The increase was primarily due to higher volume and the realization of lower
labor and manufacturing overhead costs as a result of expanding our wafer
production capacity in China. The gross margin at the visible emitter division
decreased to negative 81.5% of visible emitter revenues for the three months
ended June 30, 2000 compared to 33.8% of visible emitter revenues for the period
ended June 30, 1999. The decrease was primarily due to increased costs
associated with the start-up of blue LED and other product production. The gross
margin at the consumer products division increased to 2.8% of consumer product
revenues for the three months ended June 30, 2000 compared to a negative 22.6%
of consumer product


                                       10
<PAGE>   11
revenues for the three months ended June 30, 1999. The increase was primarily
due to manufacturing process improvements and cost reductions.

      Selling, general and administrative expenses. Selling, general and
administrative expenses increased $1.4 million, or 42.8%, to $4.6 million for
the three months ended June 30, 2000 compared to $3.2 million for the three
months ended June 30, 1999. As a percentage of total revenues, selling, general
and administrative expenses were 16.1% for the three months ended June 30, 2000
compared to 15.4% for the three months ended June 30, 1999. Selling, general and
administrative expenses increased 42.8% compared to increased total revenues of
39.3% for the three months ended June 30, 2000. The increase in selling, general
and administrative expenses was primarily due to increases in personnel and
related expenses required to support current and future increases in sales
volume.

      Research and development expenses. Research and development expenses
increased $1.0 million, or 117.1%, to $1.9 million for the three months ended
June 30, 2000 compared to $858,000 for the three months ended June 30, 1999. As
a percentage of total revenues for these three-month periods, research and
development expenses were 6.4% in 2000 and 4.1% in 1999. The increase was
primarily the result of increases in personnel and related expenses and
materials to support LED and other product research and development at the
visible emitter division.

      Interest expense. Interest expense increased $419,000, or 57.4%, to $1.1
million for the three months ended June 30, 2000 compared to $730,000 for the
three months ended June 30, 1999. The increase was primarily due to utilizing
short-term debt to finance the short-term liquidity needs resulting from our
increased sales volume and the addition of certain capital leases to finance
equipment purchases.

      Other income and expense. Other income and expense increased $274,000 to
$303,000 for the three months ended June 30, 2000 compared to $29,000 for the
three months ended June 30, 1999. The increase was primarily due to increases in
foreign exchange gains and rental and interest income.
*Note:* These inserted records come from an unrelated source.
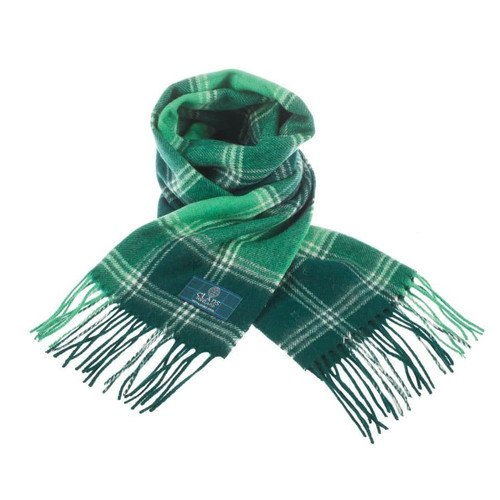 lambswool scottish tartan clan scarf macdonald lord of the isles 459 p.jpg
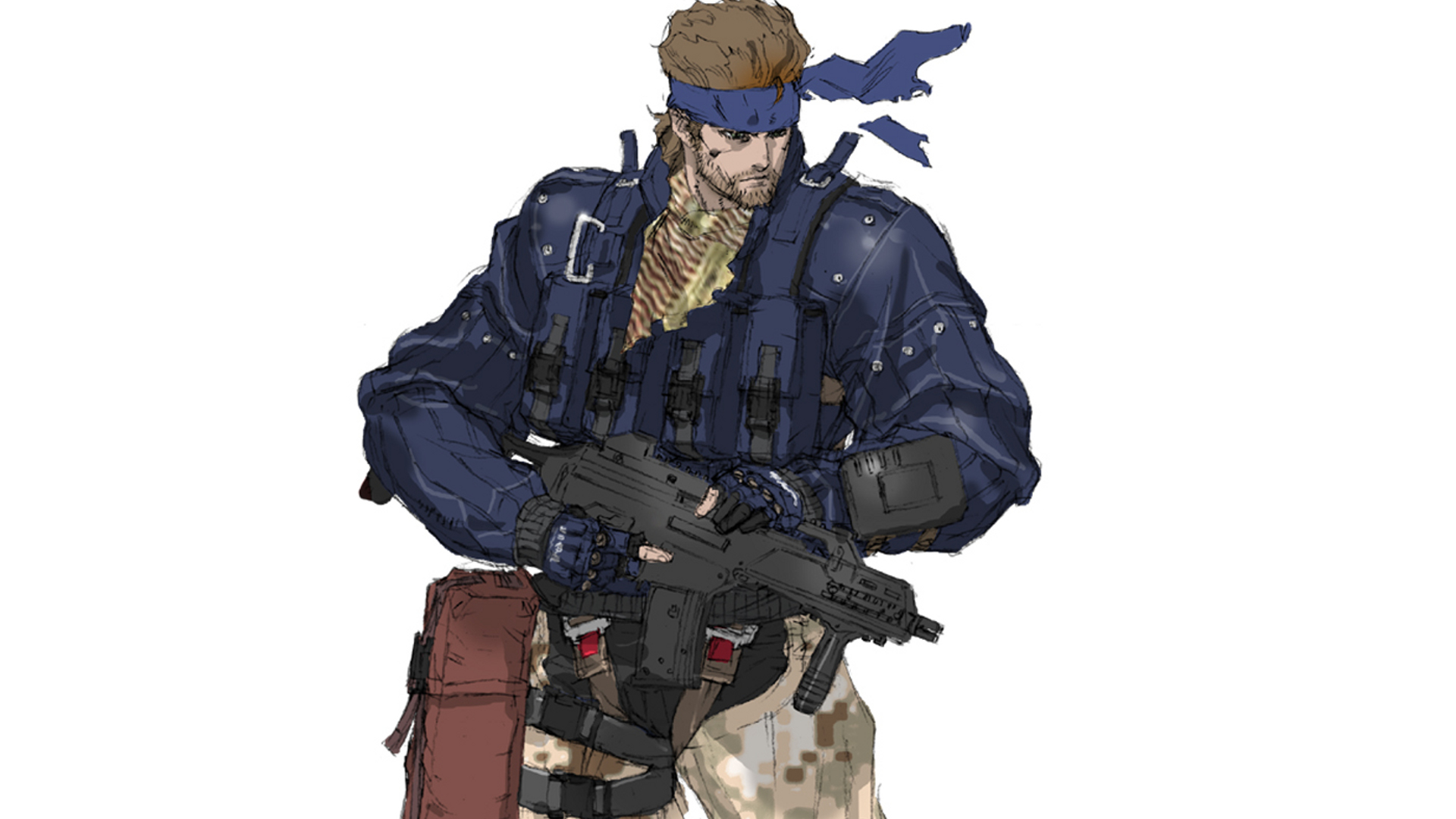 3 Metal Gear Acid 2 HD Wallpapers Backgrounds Wallpaper Abyss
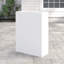 Boîte à fleurs Gabler Fiberstone-1713332854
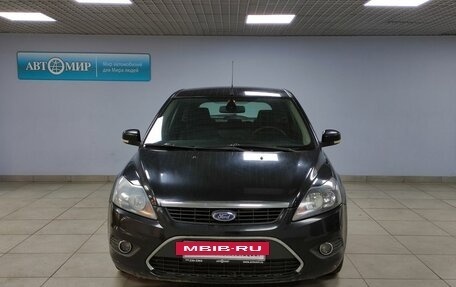 Ford Focus II рестайлинг, 2010 год, 639 000 рублей, 2 фотография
      Provision for income taxes. Income tax expense remained at our effective
tax rate of 38.0% for the three months ended June 30, 2000 and 1999. For the
three months ended June 30, 1999, income tax expense was adjusted for
non-deductible acquisition costs of $2.8 million.

Six months ended June 30, 2000 compared to six months ended June 30, 1999

      Revenues. Revenues increased $13.2 million, or 33.3%, to $52.9 million for
the six months ended June 30, 2000 compared to $39.7 million for the six months
ended June 30, 1999. The increase in revenues was primarily due to a $19.2
million, or 73.5% increase in substrate sales comprised of a $22.8 million, or
106.9% increase in sales of GaAs and InP substrates offset by a $3.6 million
decrease in Ge sales and contract revenues at the substrate division. The
increase in GaAs and InP substrate sales was due to increased sales volume to
existing and new domestic and foreign customers due in part to strong growth in
the fiber optic wireless handset markets. The decrease in Ge sales is the result
of a cancellation of a contract by a major customer due to weakness in the
satellite market. Additionally, sales at our visible emitter division decreased
$4.5 million, or 48.2% of visible emitter sales, and sales at our consumer
products division decreased $1.5 million, or 35.6% of consumer product sales,
due to declining sales prices and lower demand for laser pointer products.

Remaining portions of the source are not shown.